**EXERCISE**
Would you transcribe only the lines from the one holding "Апартаменты Уютные в Центре Города Иванова" through the end of the material, exactly, without any pictures?

**MATERIAL FOR THIS EXERCISE**
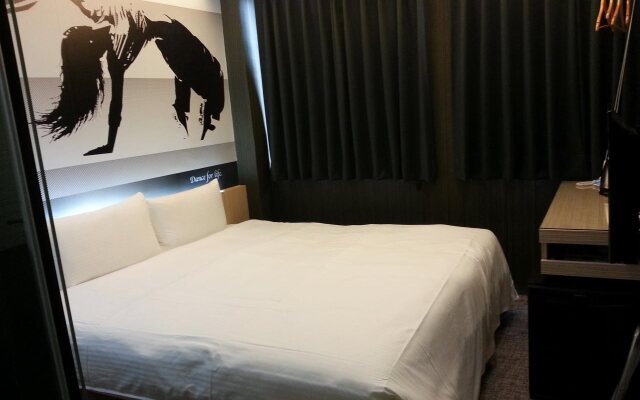 Morwing Hotel II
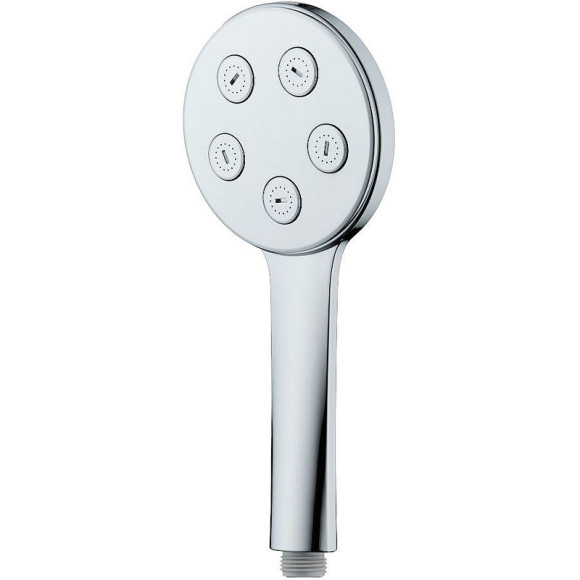 Душевая система Orange S11cr Хром Душевая система Orange S11cr Хром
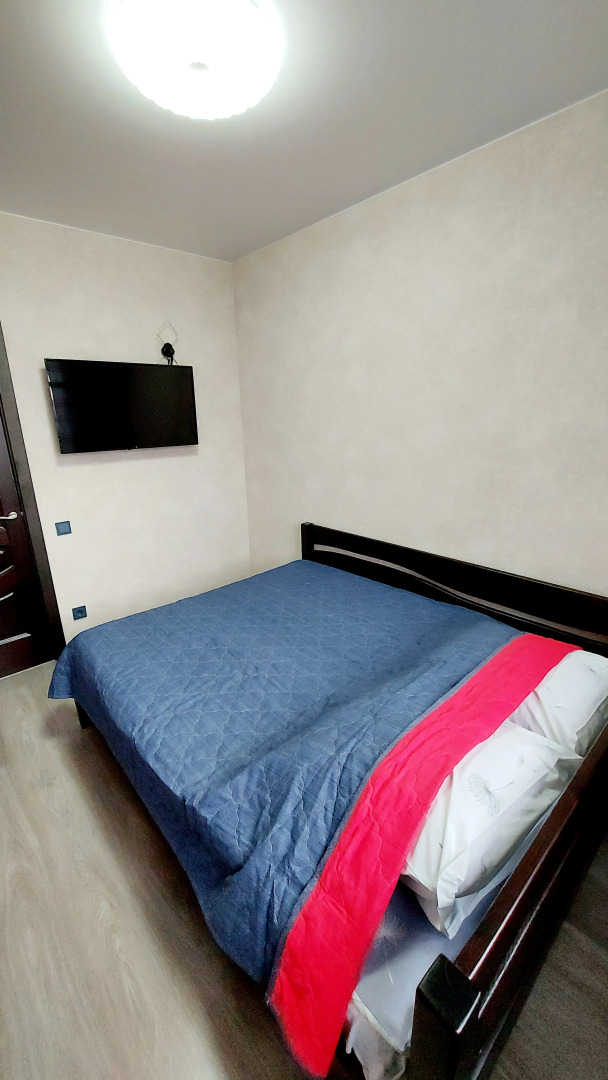 Апартаменты Уютные в Центре Города Иванова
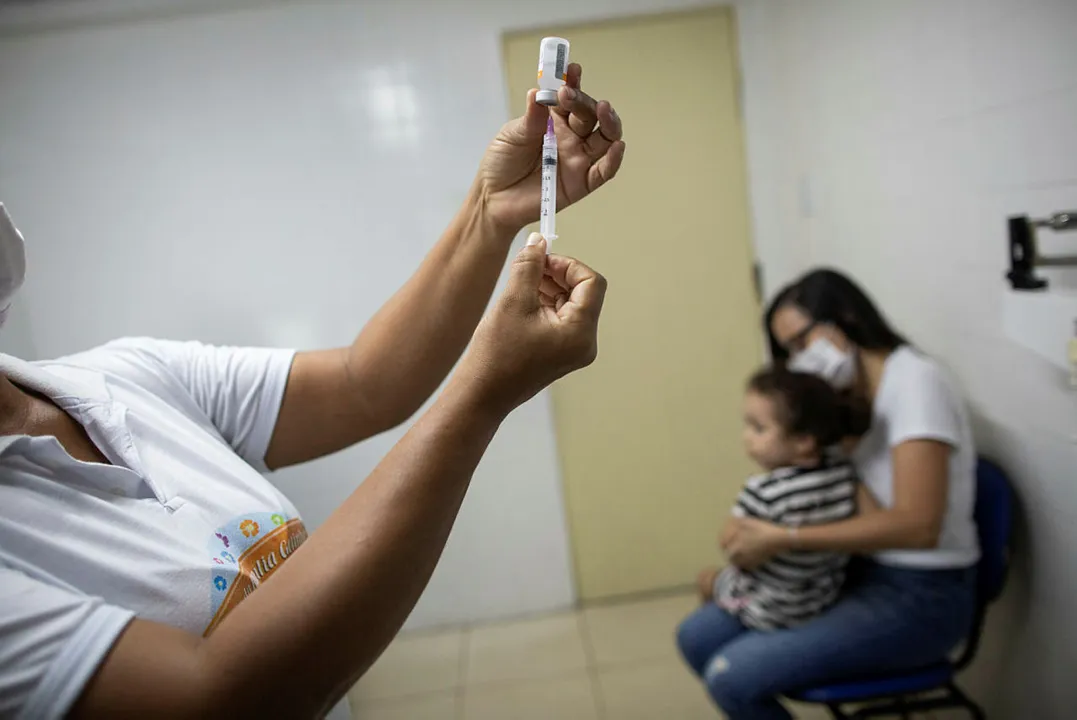 A estratégia tem o objetivo de intensificar a prevenção da doença na capital baiana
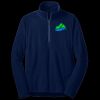 Microfleece 1/2 Zip Pullover Thumbnail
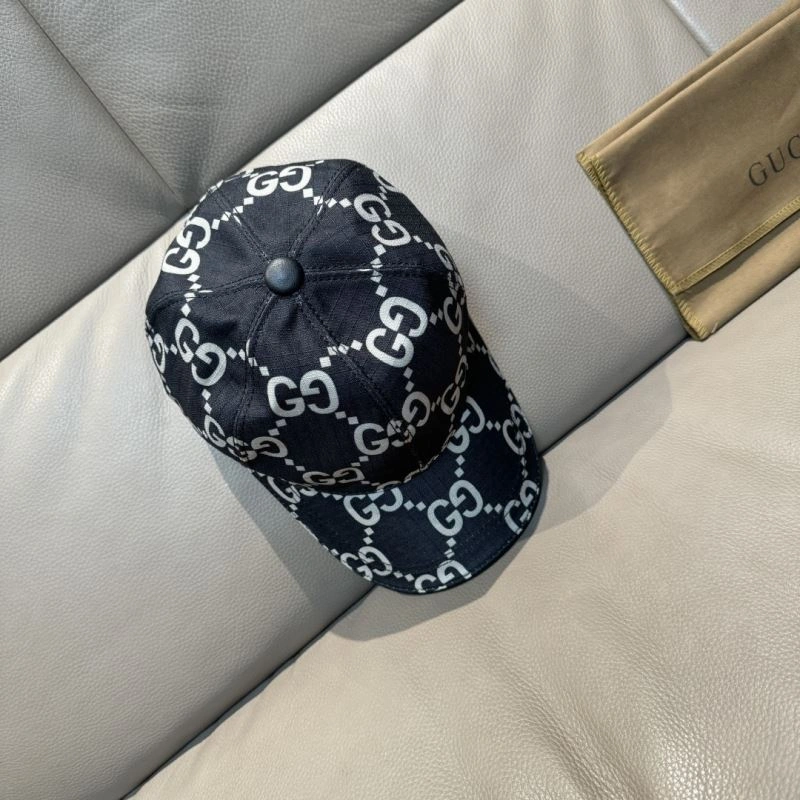 Gucci Caps Thermal 258746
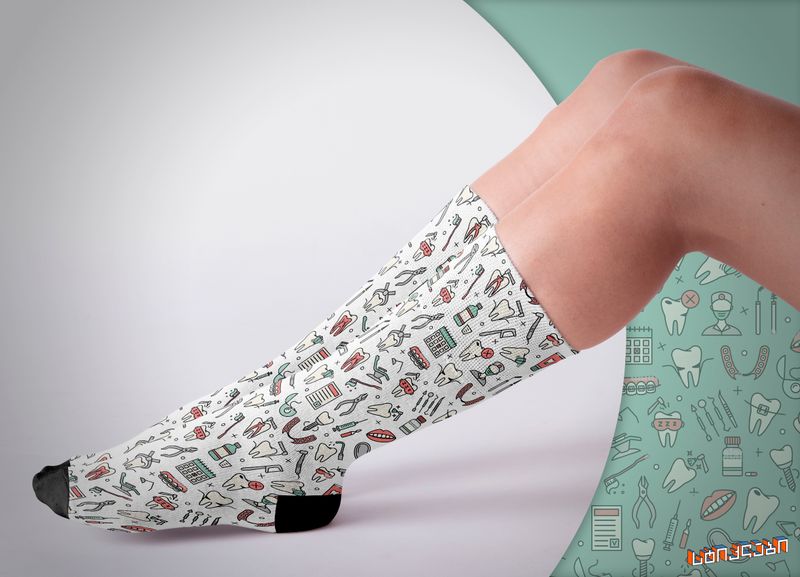 წინდა - Stomatology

**YOUR SOLUTION**
 Апартаменты Уютные в Центре Города Иванова
 A estratégia tem o objetivo de intensificar a prevenção da doença na capital baiana
 Microfleece 1/2 Zip Pullover Thumbnail
 Gucci Caps Thermal 258746
 წინდა - Stomatology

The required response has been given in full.